In this section, we focus on creating a search engine that integrates multiple components, specifically designed for the **Graphrag** system. Graphrag is a sophisticated architecture built for handling structured data, entities, relationships, and other contextual information to provide semantic search capabilities. This search engine allows you to query this structured data using **natural language** and get relevant, context-aware responses.

Here, we explain the components of the search engine in detail and how they contribute to its functionality within Graphrag.

#### **1. Context Builder (LocalSearchMixedContext)**

The `LocalSearchMixedContext` class is the cornerstone of our search engine in Graphrag. It acts as a **contextual environment** for the search process by combining various types of data—such as **community reports, text units, entities, relationships, and covariates**—into a coherent structure that can be used by the search engine. In this context:

- **Community Reports**: These are structured documents or insights generated at a community level, such as summaries or analytics reports, which are crucial when trying to query community-specific data.
- **Text Units**: Smaller pieces of text, such as paragraphs, sentences, or tokens that are stored in the system. These units help in understanding specific parts of the context when answering questions.
- **Entities**: These represent the core subjects (people, organizations, products, etc.) around which your queries are structured. Each entity has certain attributes and semantic embeddings stored in Couchbase, and these are used to enrich the search results.
- **Relationships**: The connections between entities, which can represent anything from business partnerships to familial ties or data dependencies. Understanding these relationships helps in contextualizing the search results more effectively.
- **Covariates**: Additional variables or metadata that provide more information about entities and relationships. These could include factors like location, time, or other metrics that affect the relevance of the search.

All these elements work together to build the **context** that the search engine will use to find and rank results.

- **entity_text_embeddings**: The entity descriptions are stored as vector embeddings (using the Couchbase vector store) to help in finding semantically similar entities.
- **text_embedder**: This is the **OpenAI embedding model** used to embed both the entities and user queries in a similar vector space, allowing for meaningful similarity comparisons.
- **token_encoder**: Tokenization splits the input text into tokens (smaller chunks), making it easier to process by the language models.

#### **2. Local Search Parameters**

Once the context is established, we define the parameters for the **search engine**. These parameters guide how the search engine processes the context to answer a query.

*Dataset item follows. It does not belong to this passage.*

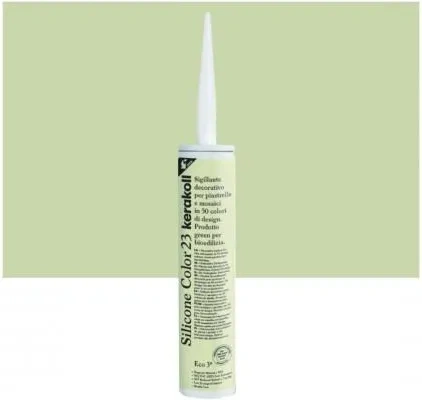 Kerakoll Silicone Color - 23 Silikon 6x310ml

- **text_unit_prop**: This sets the proportion of text units to be considered when building the context. In this case, 50% of the context comes from text units.
- **community_prop**: Similar to `text_unit_prop`, this defines how much weight to give community reports. Here, 10% of the context is derived from community reports.
- **conversation_history_max_turns**: This specifies how many conversation history turns are retained when building the context. It helps in multi-turn queries, where the context from previous queries may still be relevant.
- **top_k_mapped_entities**: Defines how many of the most relevant entities should be considered in each query. In this case, we are considering the top 10 entities.
- **top_k_relationships**: Similarly, we consider the top 10 relationships that are most relevant to the query.
- **include_entity_rank**: Whether to rank entities based on their relevance to the query.
- **include_relationship_weight**: Whether to include relationship weights in the ranking process. This is crucial because certain relationships may have higher importance based on the data being queried.
- **embedding_vectorstore_key**: Defines the **key** for accessing entity embeddings from Couchbase. Here, we use `EntityVectorStoreKey.ID` as the identifier for retrieving the correct embeddings.
- **max_tokens**: The maximum number of tokens to consider in the context.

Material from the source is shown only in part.